O tempo mínimo de contribuição e a precariedade do mercado
Atualmente, qualquer trabalhador pode requerer a aposentadoria após ao menos 15 anos de contribuição e 65 anos de idade. Há ainda uma regra que garante o benefício antes mesmo dos 65 anos, desde que se alcance 35 anos de contribuição, no caso dos homens, e 30 anos, para mulheres.
Para Ruy Braga, o aumento da contribuição mínima para 25 anos não encontra respaldo na realidade que o trabalhador de baixa renda vive no País.
“O mercado de trabalho brasileiro apoia-se, notoriamente, num tipo de manejo de sua força de trabalho que se organiza em torno de altas taxas de rotatividade”, argumenta ao citar demissões em massa e falta de estabilidade.
“A própria informalidade é uma barreira para esse tempo de contribuição. Não nos esqueçamos que hoje 44% da força de trabalho brasileira está na informalidade. Esses mecanismos que alongam o tempo contribuição tornam mais seletiva a entrada do trabalhador no sistema de aposentadoria. Isso é danoso”.
A aposentadoria integral fica mais difícil
Outra mudança sugerida pelo governo Temer é o fim do Fator Previdenciário e a criação de cotas para o pagamento de aposentadorias integrais. De acordo com a proposta, isso significa que, mesmo contribuindo por 25 anos, o trabalhador não terá direito à aposentadoria integral.
Pela PEC 248, se um trabalhador contribuir com uma média de 2.000 reais durante 25 anos, por exemplo, ele receberá uma aposentadoria de apenas 1.520 reais quando chegar aos 65 anos de idade, o que corresponde a uma cota de 76%.
Caso queira receber um valor superior, o brasileiro deverá continuar no mercado formal após os 65 anos ou começar a trabalhar aos 16 anos. Na prática, para ter acesso à média integral do valor contribuído, será preciso trabalhar formalmente por 49 anos.
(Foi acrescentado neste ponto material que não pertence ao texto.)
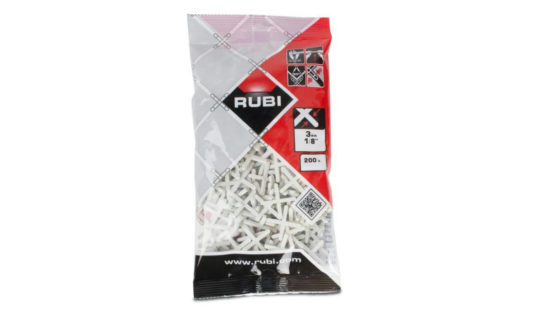 RUBI CRUCETAS ALTA RESISTENCIA 3 mm 200 u 02902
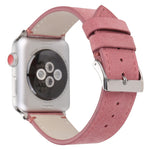 Apple Watch Series 6 & SE & 5 & 4 44mm / 3 & 2 & 1 42mm用 フロスト加工本革ウォッチバンド、Apple Watch Series 7 45mm / 6 & SE & 5 & 4 44mm / 3 & 2 & 1 42mm用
“É totalmente irreal. Você não vai encontrar ninguém com 49 anos de contribuição entre aqueles que ganham até dois salários-mínimos. Hoje, o trabalhador perde o emprego, vai pra informalidade, fica alguns anos e volta para o mercado formal. Isso é a regra do mercado de trabalho brasileiro, ou seja um jogo de sobrevivência que os setores populares conhecem bem. Evidentemente que isso jamais somará 49 anos”, resume.